Thursday, March 31, 2011
I Just Want To Be Appreciated
You didn't even ask me to Grad. Now I have to go see Prom. Am I the only one who cannot contain their excite for a girly movie? I remember going to see all the new Hilary Duff and Amanda Bynes movies as soon as they came out. Those were good times.
Monday, March 28, 2011
That was stupid of me
I do think those things though. So maybe I should have said them. Maybe I just shouldn't have said them right now. I'm really hoping they did not come across in the wrong way.
It's ridiculous how lonely things get sometimes.
It's ridiculous that I just sat here waiting. Apparently I can only last 15 days. After that I go crazy.
I hate missing. Missing sucks. It makes your stomach hurt. It makes you cry just because. It makes you want to spend more time by yourself. It makes you more irritable around other people.
I do want that though. I want to be told to be ready for 7 o'clock. And not worry about the plans. I want to shave my legs and put on a dress and worry about which shoes look better with which dress. And if I'll be over dressed.

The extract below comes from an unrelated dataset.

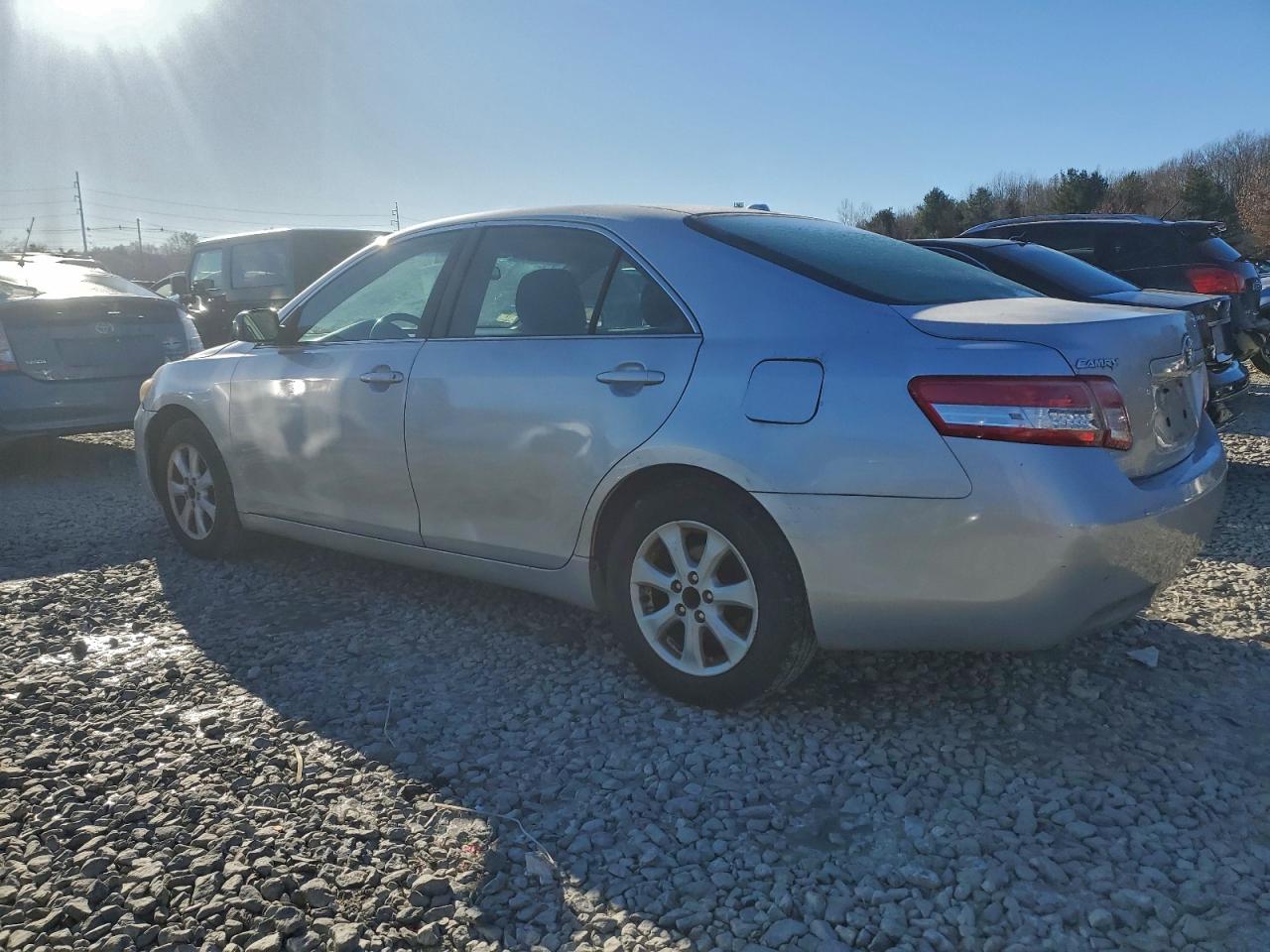 2011 TOYOTA CAMRY BASE photo 2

And I want to worry about how I think my hair is boring and never does anything. I want to be so worried about it I attempt to curl it and then realize it looks like a mess and try to straighten the curls. And lets be honest, that never works. Then I'd be screwed. I want to worry about which necklace to wear and if a bracelet would be too much and if I have a purse that matches what I'm wearing. And I want to worry about if you'll like what I'm wearing or what I did with my hair. I want to worry about being late because you always show up early. I want to fret over the pimples that never seem to go away and show up at the most inopportune times. I want to feel young and stupid again. Not bogged down with responsibility. I want to be here and be there. But what I want above that is to be here. Because here is amazing and I feel like I could be making more of it but I feel torn right now. Living in two places. Being attached to a place I always wanted to escape from. Everyone is dreading going back and I can't wait. Why? You. That's what this is all about. You. And the fact that I am completely messed up, lost, (whatever other cliche terms you want to use) without you.
I love this song.
I love music.
I miss music.
How can I miss music?
I do.
And no one else seems to understand that connection.
It's me.
It's who I am.
And I want you to be apart of all of this.
There goes my "P" Plan.
Friday, March 25, 2011
Oh Joni...
Ok so I was like kicking butt and being productive and then the past three days I have done nothing.
I hate being in two places. Honestly. I wish I could just be here. But I want to be with you as much as I want to be here. Unfortunately, I could never jeopardize being here. I'm so stoked to be finding a place. To be here. Just to be here.
I had one of those nightmares. Twice. The ones where I call you in the morning. And by that I mean that time you called me at 3 am just to make sure I was alright. Not talking to you is more difficult than I assumed it would be. However, I'll never tell you that because I want you to enjoy every second of what you have. I don't want to say anything and make a dumb fight over nothing right before we finally have time together. The day before the wedding had me worried. Things were weird. The picture has made the missing you worse. Only 5 more days left. Only 6 more essays left. Only one presentation left. Only three final exams left. Only three more years left. Till what? I used to think I knew what. Now I have no idea.
To a knock on the door. Or to you already there.
Those of you reading this and understanding probably think I'm crazy. Truth is I don't tell anyone these thoughts and feelings. We used to tell each other.
Sometimes I dream about sleeping beside you. Which is odd I know. The leg twitches, the body convulsions, the snoring, the talking, the blanket snatcher, falling off the bed, more like being pushed off the bed.
I want to go to The Keg.
I want to go out. I want more but all I want is this.
I need to do more. I need to apply and be out there. There are so many emails I want to respond to but just can't. I tell myself I'm not what they're looking for, that I can't be in charge of that. Why am I suddenly scared of everything I once wanted in life? Why do I smile and then say that I think that's disgusting? Which part of me is lying? To me.
Oh Joni...
Wednesday, March 2, 2011
Commercial Self Pity
Yesterday I had a really shitty image of myself.
Today I attempted to do yoga to calm myself down. Except the video kept stopping to load. It was stressful.
So I had a shower and got dressed all nice. And then I was excited to go to class and it was cancelled.
I thought I looked really good today, and no one saw me.
Well I mean they did, at dinner. But I had my big jacket on.
I was hoping we'd talk on Skype. I guess not.
I think a lot of things are going to be different this summer.
I think there's a lot of things that need to be talked about.
Does this come as a shock? No. Life stopped being simple a long time ago.